Building upon your experiences with graph data, we will now use Spark to compute PageRank.  Following our discussion of graphs, we will use an edge list, which is a variation of the adjacency list.

# Step 5: PageRank

Many of you may already know PageRank computation by its reputation:  it is used to measure the importance of a Web page.  (Contrary to popular belief, PageRank is named after Larry Page, not Web pages…)  PageRank is actually a tweaked version of a network centrality measure called *eigenvector centrality*.  One way to implement PageRank is as an iterative computation.  We take each graph node $x$ and in iteration 0 assign it a corresponding PageRank $p_x$:

$p_x^0= 1 / N$

where $N$ is the total number of nodes.

Now in each iteration $i$ we recompute:

$p_x^{(i)} = \alpha * \Sigma_{j \in B(x)} (1 / N_j) p_j^{(i-1)} + \beta$

![Graph](graph.png)

Where $B(x)$ is the set of nodes linking to node $x$, and $N_j$ is the outdegree of each such node $j$.  Typically, repeating the PageRank computation for a number of iterations (15 or so) results in convergence within an acceptable tolerance.  For this assignment we’ll assume $\beta = 0.15$ and $\alpha = 0.85$ (anecdoctally these are the most common values used in practice).

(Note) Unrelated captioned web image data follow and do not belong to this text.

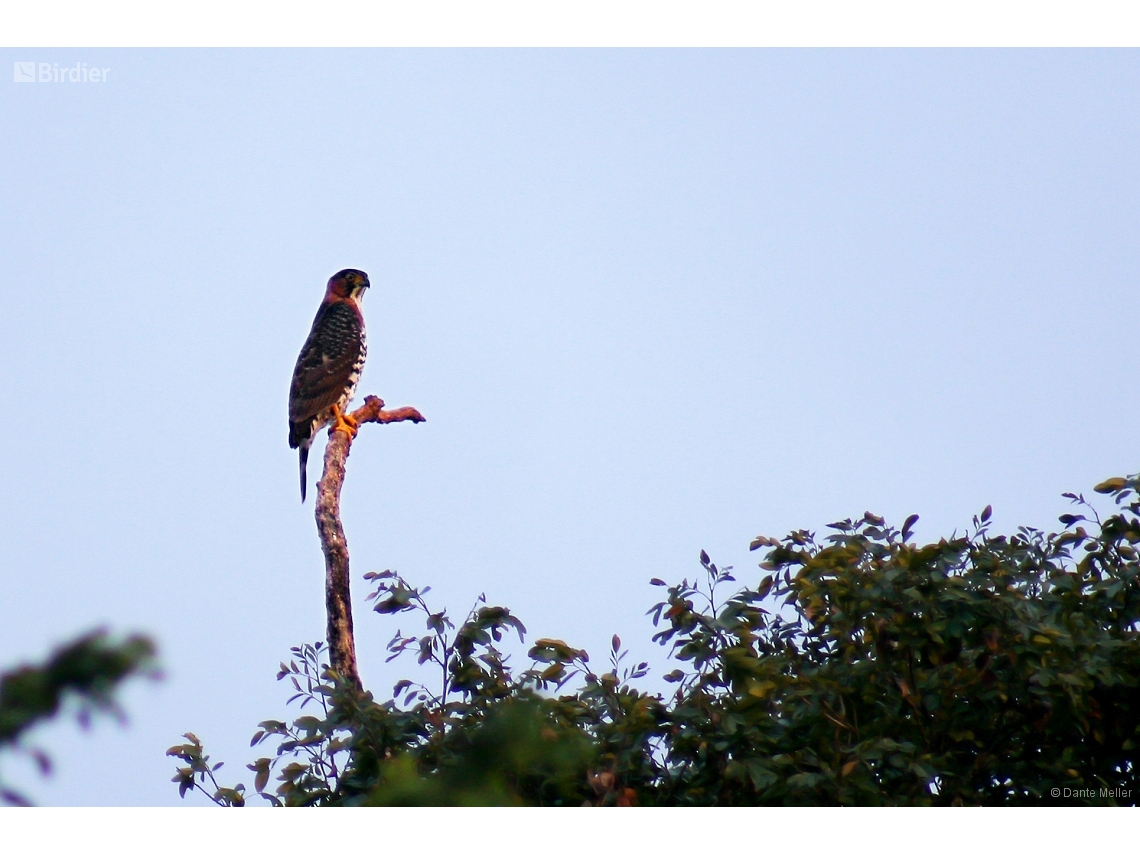 Accipiter poliogaster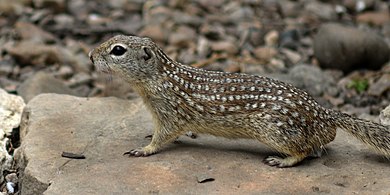 Mexican ground squirrel (Ictidomys mexicanus) Cameron Co. Texas (12 April 2016)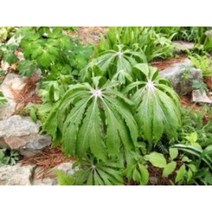우산나물 종근 10주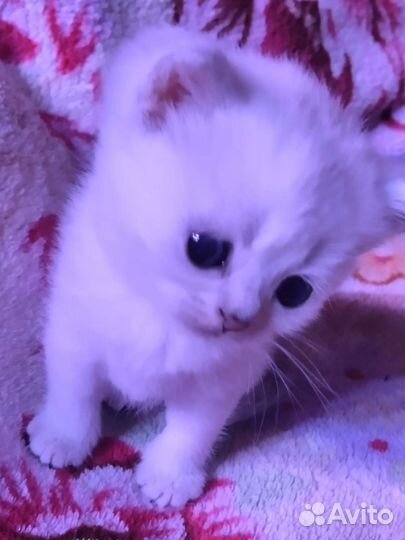 Котята - Британская серебристая шиншилла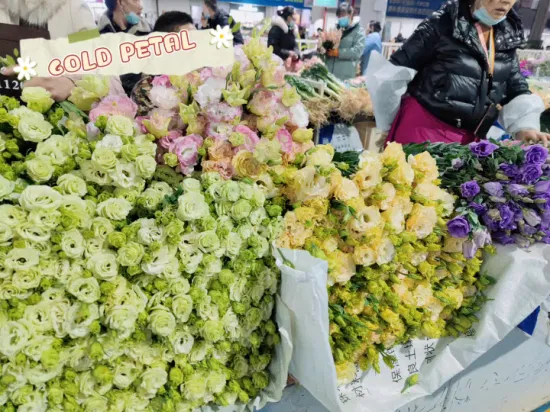 Regali di Natale all'ingrosso Fiori freschi recisi Molte varietà Eustoma per la decorazione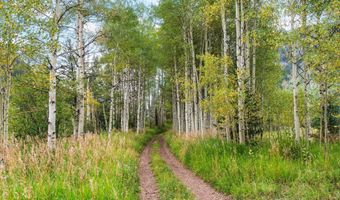 5387 Castle Creek Rd, Aspen, CO 81612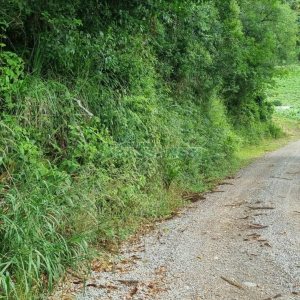 Terreno, no bairro São Giácomo em Caxias do Sul para Comprar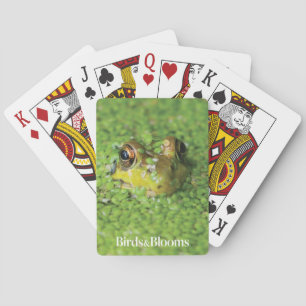 Frog in Green Algae Poker Cards
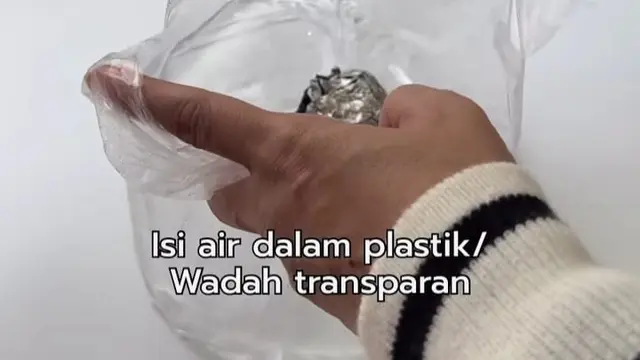 Tak Perlu Obat Serangga, Begini Trik Sederhana Cegah Lalat Masuk Rumah Pakai 1 Alat Dapur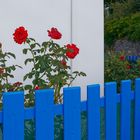 Les roses à la clôture bleue / Die Rosen am blauen Zaun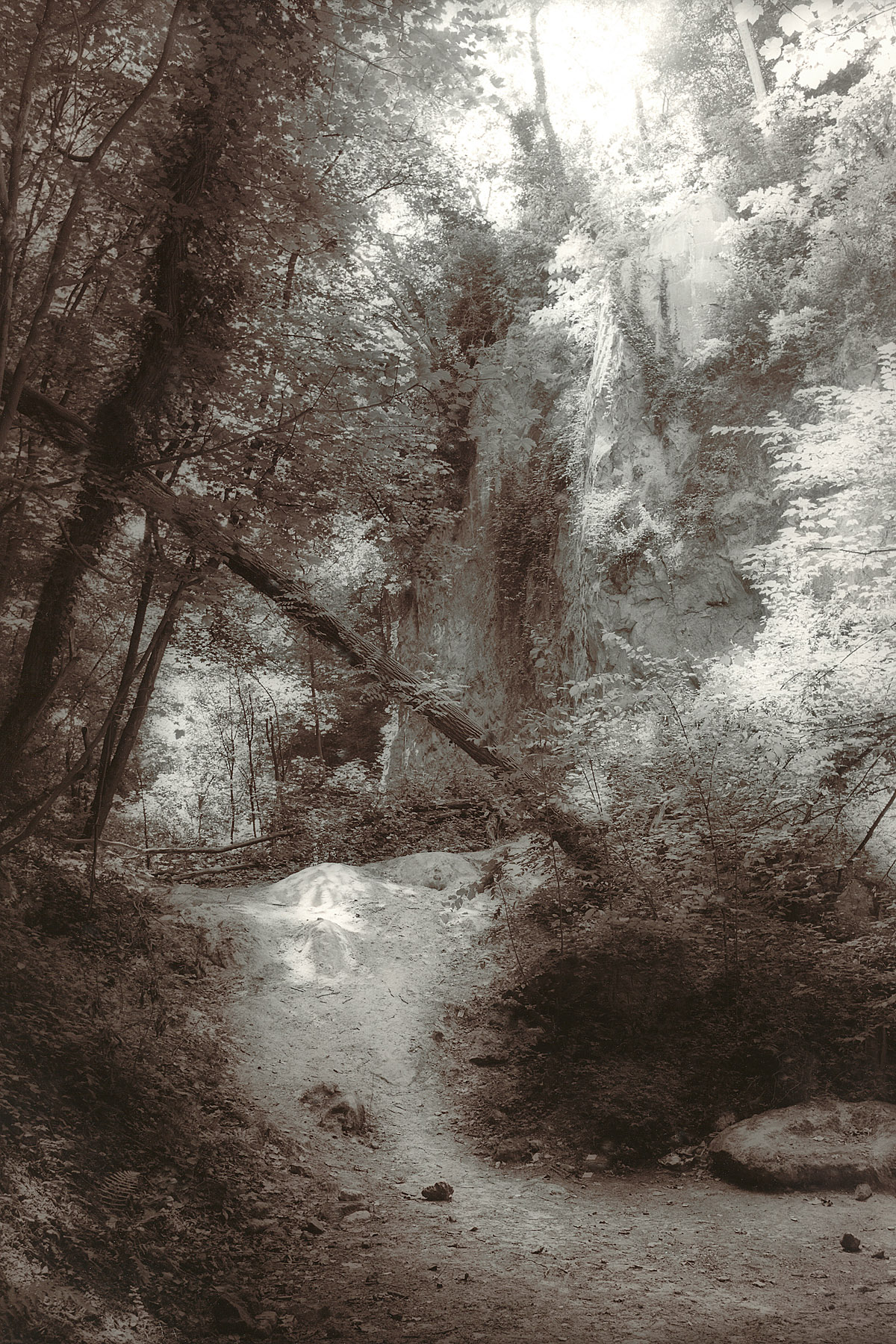 Guido Paulussen, Verloren in de Verloren Vallei van de Sint Pietersberg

*Example*. In the figure to the right, nodes $j_1$ and $j_2$ represent the back-link set $B(x)$ for node $x$.  $N_{j1}$ is 3 and $N_{j2}$ is 2.  Thus in each iteration $i$, we recompute the PageRank score for $x$ by adding half of the PageRank score for $j_2$ and a third of the PageRank score of $j_3$ (both from the previous iteration $i-1$).

*Hint*.  Build some “helper” DataFrames.  We suggest at least 2 DataFrames, where the first is used the build the second, and the second is used in your solution:
1. a DataFrame with each from_node and the proportion of weight it transfers to each outgoing edge.  For instance, if the from_node is node j then the proportion of weight should be $1/N_j$.
2. a DataFrame, again with the from_node, each node it transfers weight to, and the proportion of weight computed in (1).  For instance, if the `from_node` is $j$ and the to_node is $x$, then the tuple should be $(j, x, 1/N_j)$.

*Submission*. See the external document for submission information.  Remember to first do the basic part of **Homework 2**.

## 5.1  Initialization and Marshalling

### 5.1.1 Spark setup and data load

Initialize PySpark as in the basic Homework 2.  Load `pr_graph.txt` as a text file with a single column.

In [2]:
# TODO: Read pr_graph.txt as SDF

import numpy as np
import pandas as pd
import networkx as nx

from pyspark.sql import SparkSession
from pyspark.sql.types import *
import pyspark.sql.functions as F

import os
# make sure pyspark tells workers to use python3 not 2 if both are installed
# os.environ['PYSPARK_PYTHON'] = '/usr/bin/python3'
# os.environ['PYSPARK_DRIVER_PYTHON'] = '/usr/bin/ipython3'

spark = SparkSession.builder.appName('Graphs-HW2-Adv').getOrCreate()

# YOUR CODE HERE
pr_sdf = spark.read.csv('pr_graph.txt',header=None)

In [3]:
pr_sdf.show(10)

+-----+
|  _c0|
+-----+
|1 2 0|
|1 3 0|
|1 4 0|
|1 5 0|
|2 3 0|
|2 1 0|
|2 5 0|
|3 2 0|
|3 3 0|
|4 5 0|
+-----+
only showing top 10 rows



In [4]:
# [CIS 545 Test Cases] (2 pts)


print('[CIS 545 Test Cases] (2 pts)')

[CIS 545 Test Cases] (2 pts)


### 5.1.2 Wrangling the Graph Data

As you might have noticed, the `pr_sdf` you loaded in 5.1.1 contains a single column of three values. In this section you will need to use the _SPLIT()_ function to update `pr_sdf` to have 3 columns, and you must cast all three columns to integers: <br>
* `from_node` (int)
* `to_node` (int)
* `reserved` (int)

_Hint_: The split function in Spark can be called directly from Spark SQL (`SELECT SPLIT(column,’del’). . .`) or by `import`ing `pyspark.sql.functions` and referring to the function in Python.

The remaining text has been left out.